All of these operations can be implemented with simple PDFlib function calls. Sample code for a variety of programming languages and development environments is provided with the PDFlib distribution. Additional programming techniques for PDF/A are available in the PDFlib Cookbook. To facilitate font embedding as required by PDF/A, the Japanese Resource Kit for PDFlib includes common Japanese fonts. These fonts come with an embeddable license which is included in the software license.

Creating PDF/A with PDFlib

Creating PDF/A-conforming output with PDFlib is achieved by the following means:

PDFlib automatically takes care of several formal settings for PDF/A, such as PDF version number and required XMP identification entries.

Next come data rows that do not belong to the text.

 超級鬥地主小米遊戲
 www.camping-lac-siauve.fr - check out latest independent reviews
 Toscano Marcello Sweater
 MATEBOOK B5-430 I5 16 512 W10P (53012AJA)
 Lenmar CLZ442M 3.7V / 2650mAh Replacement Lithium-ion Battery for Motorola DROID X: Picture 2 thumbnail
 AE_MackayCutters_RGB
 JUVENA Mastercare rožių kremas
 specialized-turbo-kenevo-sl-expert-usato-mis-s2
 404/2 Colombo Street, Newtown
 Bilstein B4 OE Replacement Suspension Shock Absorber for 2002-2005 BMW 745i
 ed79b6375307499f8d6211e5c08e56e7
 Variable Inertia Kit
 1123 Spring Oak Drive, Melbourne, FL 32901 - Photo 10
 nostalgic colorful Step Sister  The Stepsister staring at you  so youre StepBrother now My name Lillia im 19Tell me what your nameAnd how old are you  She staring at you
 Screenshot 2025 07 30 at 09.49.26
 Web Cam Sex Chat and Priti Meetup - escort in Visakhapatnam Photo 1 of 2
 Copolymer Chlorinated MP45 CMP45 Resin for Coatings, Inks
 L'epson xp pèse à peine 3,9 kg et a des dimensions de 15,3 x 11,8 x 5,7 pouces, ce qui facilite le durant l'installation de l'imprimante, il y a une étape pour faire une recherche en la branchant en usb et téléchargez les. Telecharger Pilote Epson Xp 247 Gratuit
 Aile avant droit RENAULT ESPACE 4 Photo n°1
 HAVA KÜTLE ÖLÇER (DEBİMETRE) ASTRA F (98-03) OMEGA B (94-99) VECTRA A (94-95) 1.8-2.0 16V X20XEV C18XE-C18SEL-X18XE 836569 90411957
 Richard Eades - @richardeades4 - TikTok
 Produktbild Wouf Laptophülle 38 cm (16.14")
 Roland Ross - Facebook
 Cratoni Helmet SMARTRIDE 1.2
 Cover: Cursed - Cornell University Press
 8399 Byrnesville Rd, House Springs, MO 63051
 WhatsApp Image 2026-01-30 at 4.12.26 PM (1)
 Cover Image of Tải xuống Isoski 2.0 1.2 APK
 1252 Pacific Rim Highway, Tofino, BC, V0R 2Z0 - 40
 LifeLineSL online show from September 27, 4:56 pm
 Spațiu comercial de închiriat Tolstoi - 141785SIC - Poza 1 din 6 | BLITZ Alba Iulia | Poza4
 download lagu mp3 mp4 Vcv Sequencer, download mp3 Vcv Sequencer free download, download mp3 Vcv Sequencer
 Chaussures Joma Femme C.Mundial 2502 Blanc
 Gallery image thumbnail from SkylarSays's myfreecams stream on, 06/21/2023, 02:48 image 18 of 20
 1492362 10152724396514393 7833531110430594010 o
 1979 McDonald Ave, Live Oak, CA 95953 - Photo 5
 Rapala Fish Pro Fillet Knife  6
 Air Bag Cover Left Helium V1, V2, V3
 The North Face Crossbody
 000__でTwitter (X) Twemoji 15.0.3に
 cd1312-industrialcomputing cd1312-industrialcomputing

The PDFlib client program must explicitly use certain function calls and options (e.g. for font embedding).

The PDFlib client program must refrain from using certain other function calls and option settings (e.g. encryption).

If the PDFlib client program obeys to these rules, valid PDF/A output is guaranteed. If PDFlib detects a violation of the PDF/A creation rules it throws an exception which must be handled by the application. No PDF output is created in case of an error; there is no risk of creating non-conforming output if an error occurs. Details of required and prohibited operations are discussed in the PDFlib documentation.

Processing PDF/A with PDFlib

Additional rules apply when importing pages from existing PDF/A-conforming documents. When dealing with existing PDF/A documents, PDFlib+PDI carefully examines the PDF/A properties of all input and output documents to make sure that the output still conforms to PDF/A. For additional control the output intent of an imported document can be copied to the output PDF, effectively cloning the PDF/A color properties of an existing document. Similarly, XMP metadata from imported documents can be cloned or merged.

Creating PDF/A level A with PDFlib

PDF/A conformance level A can be regarded as level B plus Tagged PDF. PDFlib’s support for PDF/A level A is based on the features for producing Tagged PDF: each content item can be placed at a particular location in the document’s structure tree; content items which are not relevant for the document structure (e.g. headers and footers, pagination) can be tagged as artifacts which means that they will be ignored when the document is read aloud by software or converted to some other format. Alternative text can be attached to images and vector graphics. PDFlib automatically tags tables and artifacts which is a big time-saver for the developer. PDFlib checks the supplied tags to make sure that the structure element nesting and attributes conform to ISO 32000-1. For example, heading or list tags must be properly nested.

Integrated support for PDF/UA makes it easy to create PDF output which is both accessible and archivable. Note that you need detailed knowledge about the document’s logical structure in order to create Tagged PDF. PDFlib takes care of the PDF-related details, but it cannot infer the document structure from its contents.